Problem
Return the data that follows exactly as it appears. Pictures do not belong in the copy.

### Source material

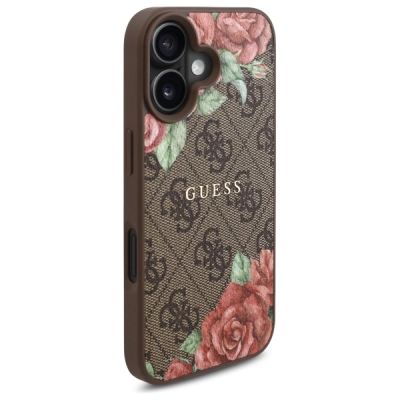 4. Guess GUHMP16SP4ROPEMCW iPhone 16 6.1" brown/brown hardcase 4G Flowers Print MagSafe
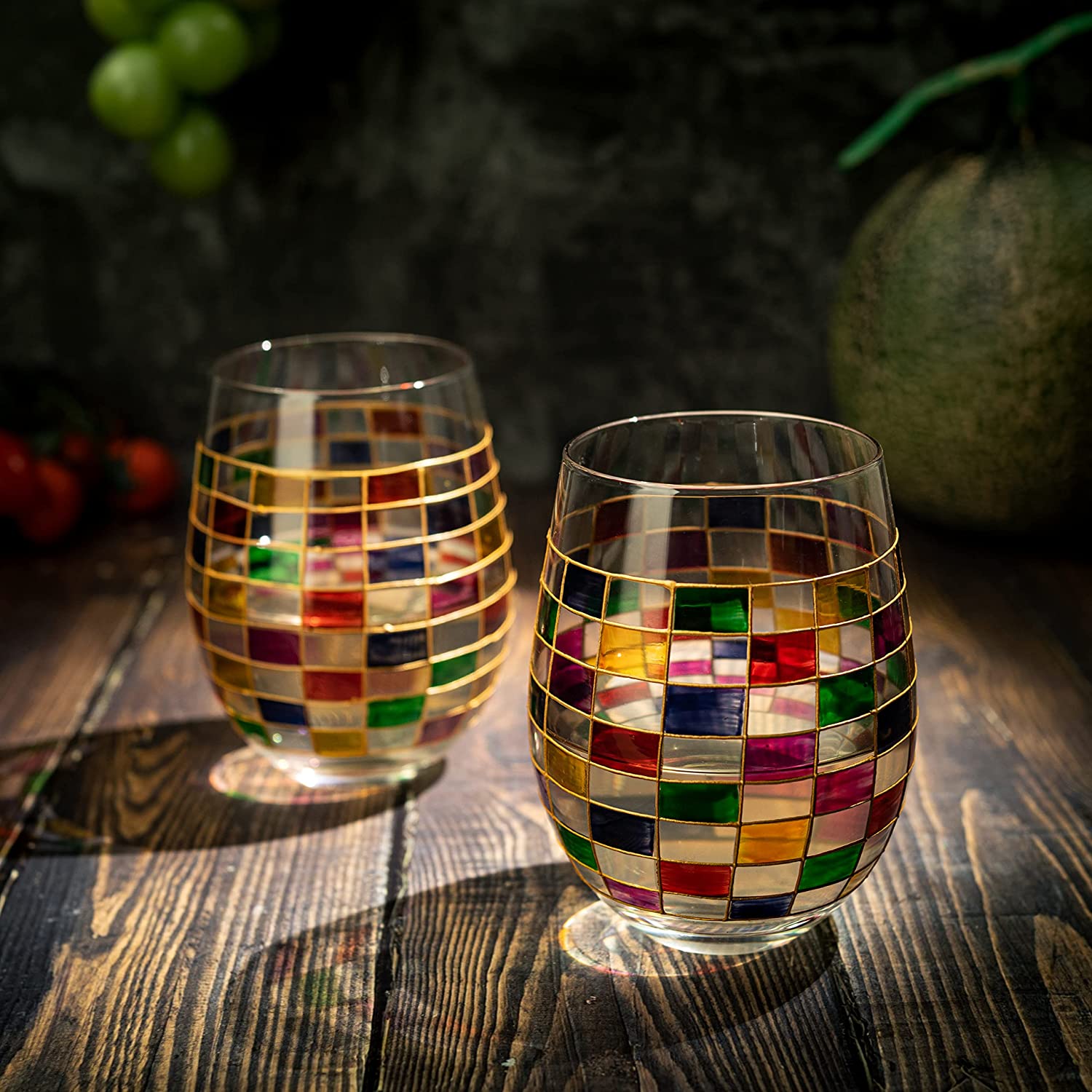 Renaissance Stained Wine Glasses Set of 2 (Stemless)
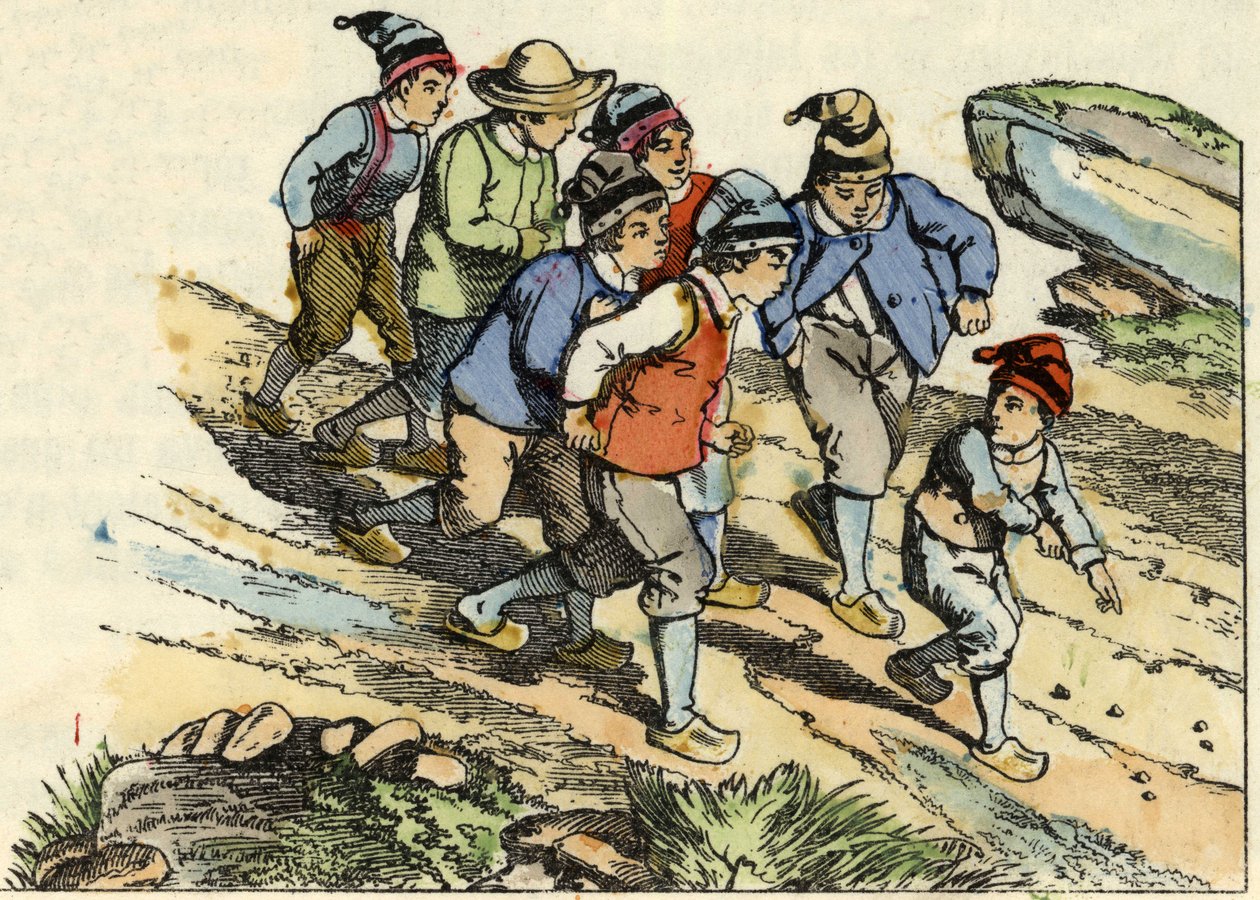 भाई लिटिल पौलेट का अनुसरण करते हैं जिन्होंने रास्ते में सफेद कंकड़ बोए थे। चार्ल्स पेरौल्ट द्वारा "" ले पेपेटिट पॉसेट "" कहानी का चित्रण द्वारा अज्ञात कलाकार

######

Your solution
 4. Guess GUHMP16SP4ROPEMCW iPhone 16 6.1" brown/brown hardcase 4G Flowers Print MagSafe
 Renaissance Stained Wine Glasses Set of 2 (Stemless)
 भाई लिटिल पौलेट का अनुसरण करते हैं जिन्होंने रास्ते में सफेद कंकड़ बोए थे। चार्ल्स पेरौल्ट द्वारा "" ले पेपेटिट पॉसेट "" कहानी का चित्रण द्वारा अज्ञात कलाकार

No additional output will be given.